### Problem details
Every line from the one with "Bg3 futa on" up to and including the one with "Bluebonnet Earth Sweet" is to be output exactly as it appears below; pictures are not.

### Study material
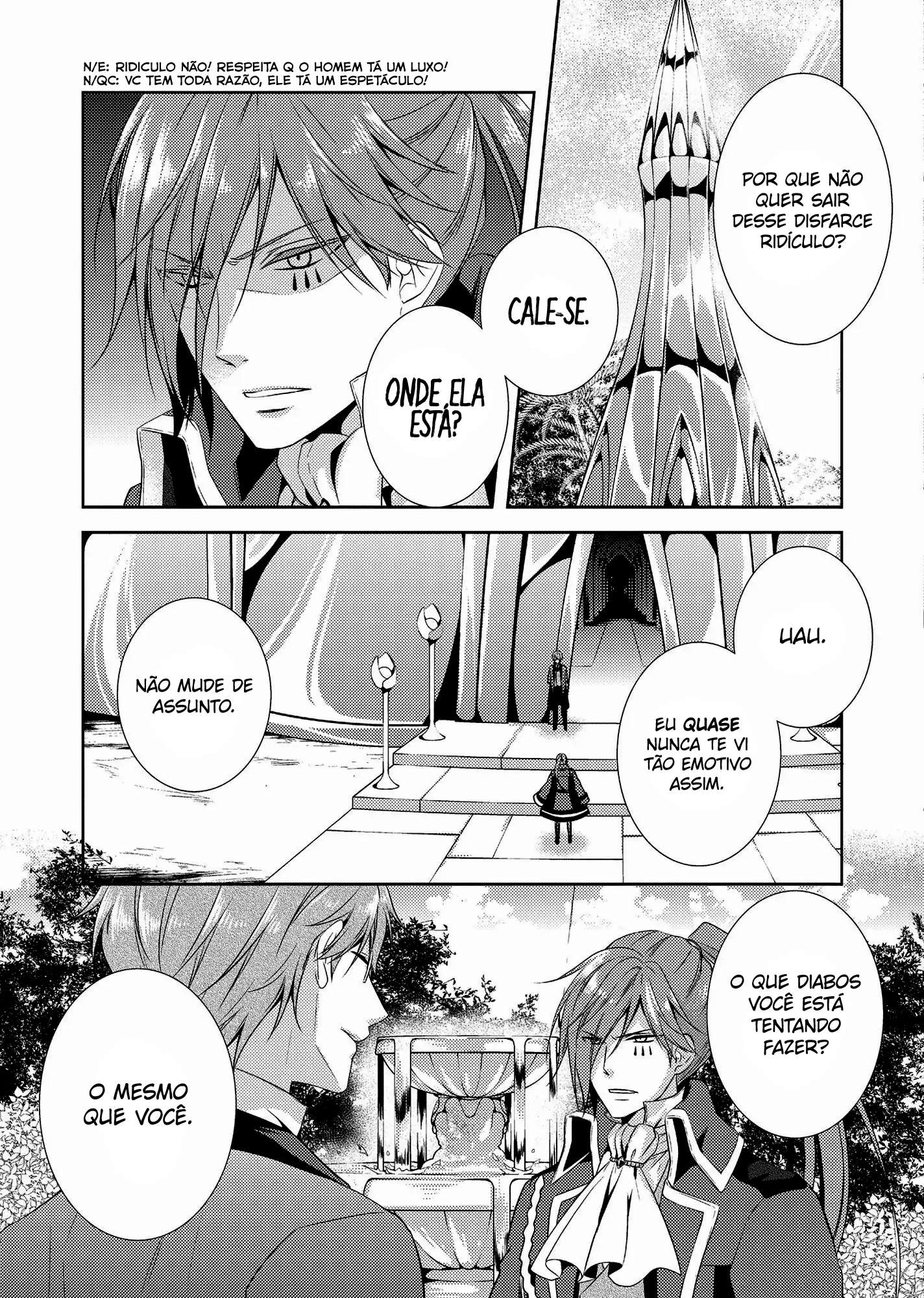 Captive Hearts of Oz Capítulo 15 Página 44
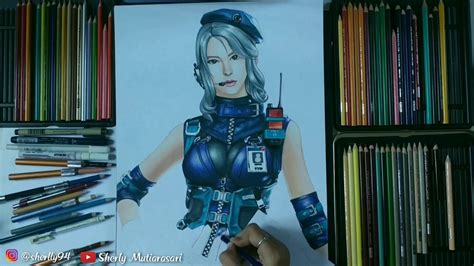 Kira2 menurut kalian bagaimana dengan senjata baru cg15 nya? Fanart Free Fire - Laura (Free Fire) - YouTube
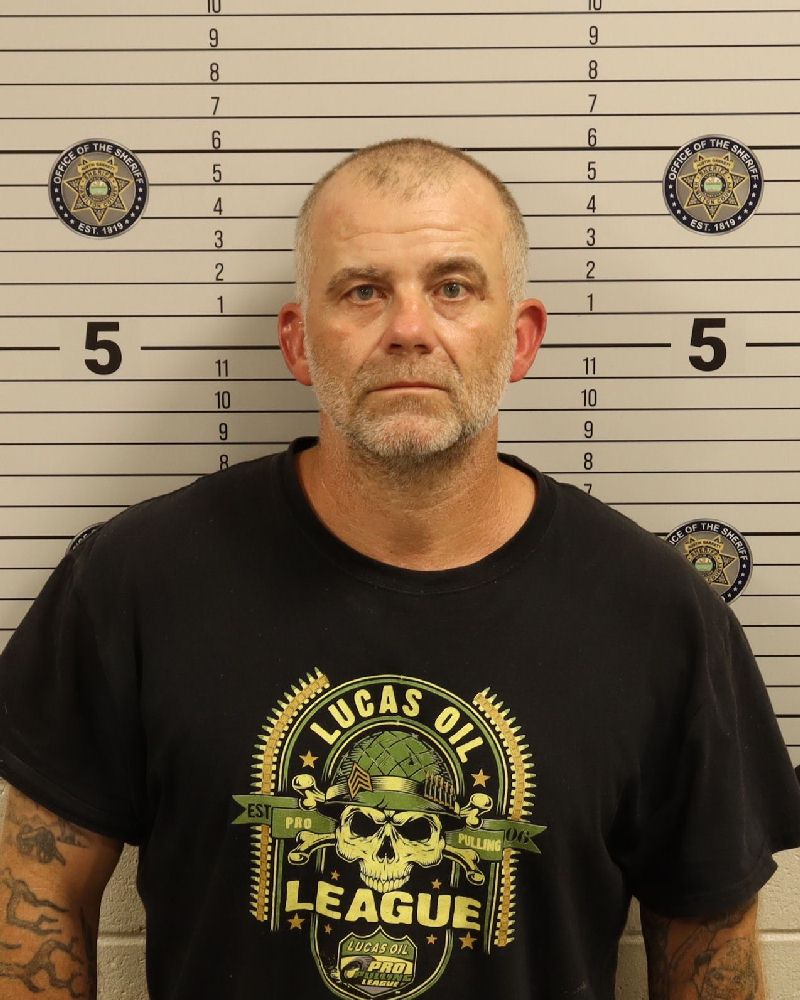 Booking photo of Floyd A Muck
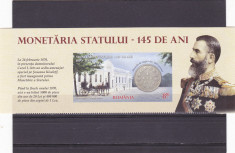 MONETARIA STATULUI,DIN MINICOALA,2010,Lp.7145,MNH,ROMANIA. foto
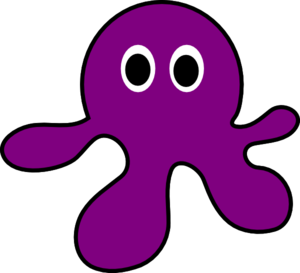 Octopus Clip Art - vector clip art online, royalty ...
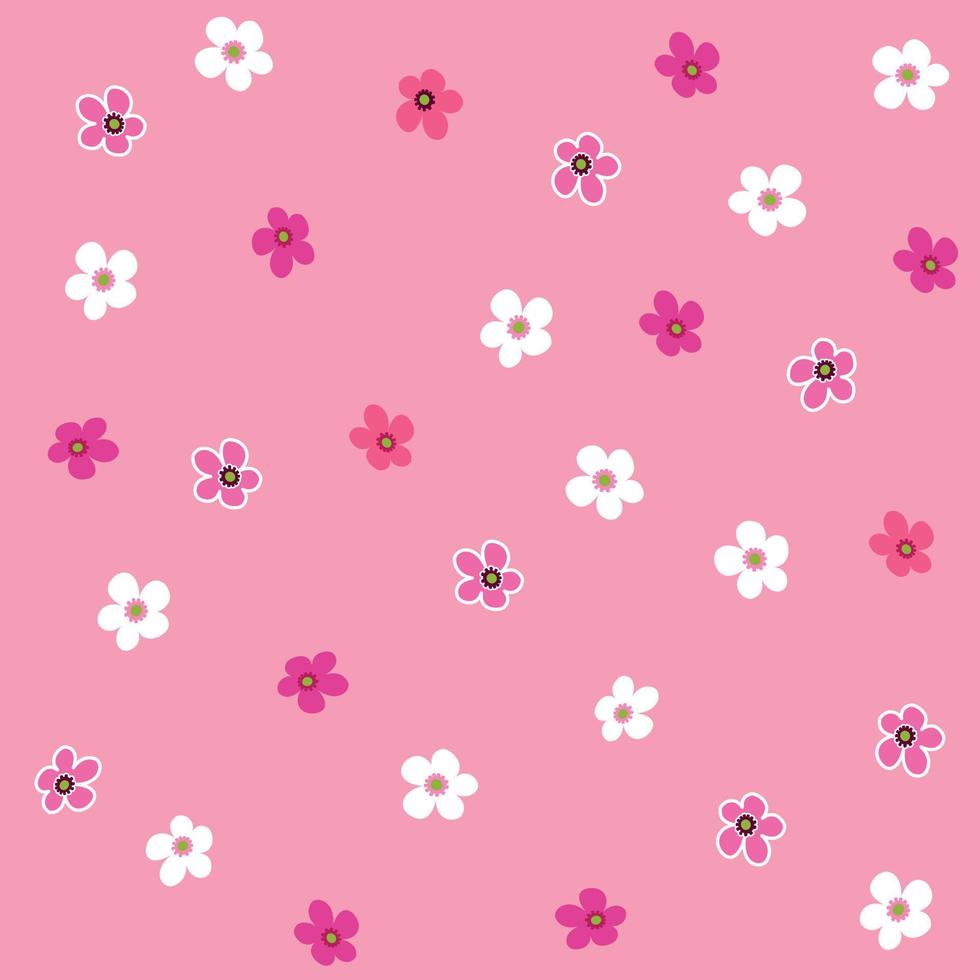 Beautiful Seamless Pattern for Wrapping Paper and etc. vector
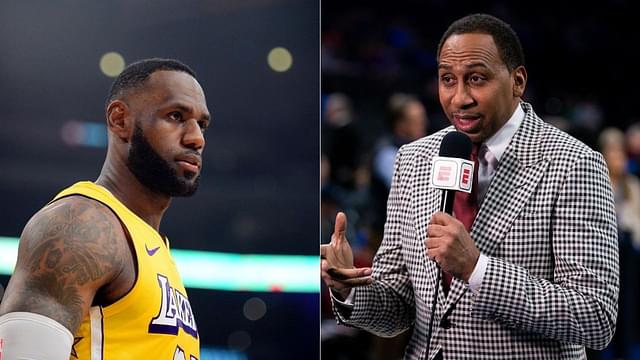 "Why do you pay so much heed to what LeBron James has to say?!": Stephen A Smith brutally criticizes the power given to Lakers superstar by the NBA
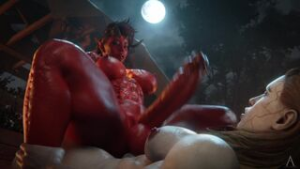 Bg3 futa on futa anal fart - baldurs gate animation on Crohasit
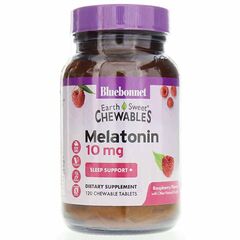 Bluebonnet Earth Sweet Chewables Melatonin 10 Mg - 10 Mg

...

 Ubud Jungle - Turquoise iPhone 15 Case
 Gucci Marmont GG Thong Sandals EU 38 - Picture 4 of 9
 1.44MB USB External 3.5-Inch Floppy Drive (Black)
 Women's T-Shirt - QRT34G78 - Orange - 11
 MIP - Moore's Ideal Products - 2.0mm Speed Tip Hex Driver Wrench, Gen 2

### Written answer
 Bg3 futa on futa anal fart - baldurs gate animation on Crohasit
 Bluebonnet Earth Sweet Chewables Melatonin 10 Mg - 10 Mg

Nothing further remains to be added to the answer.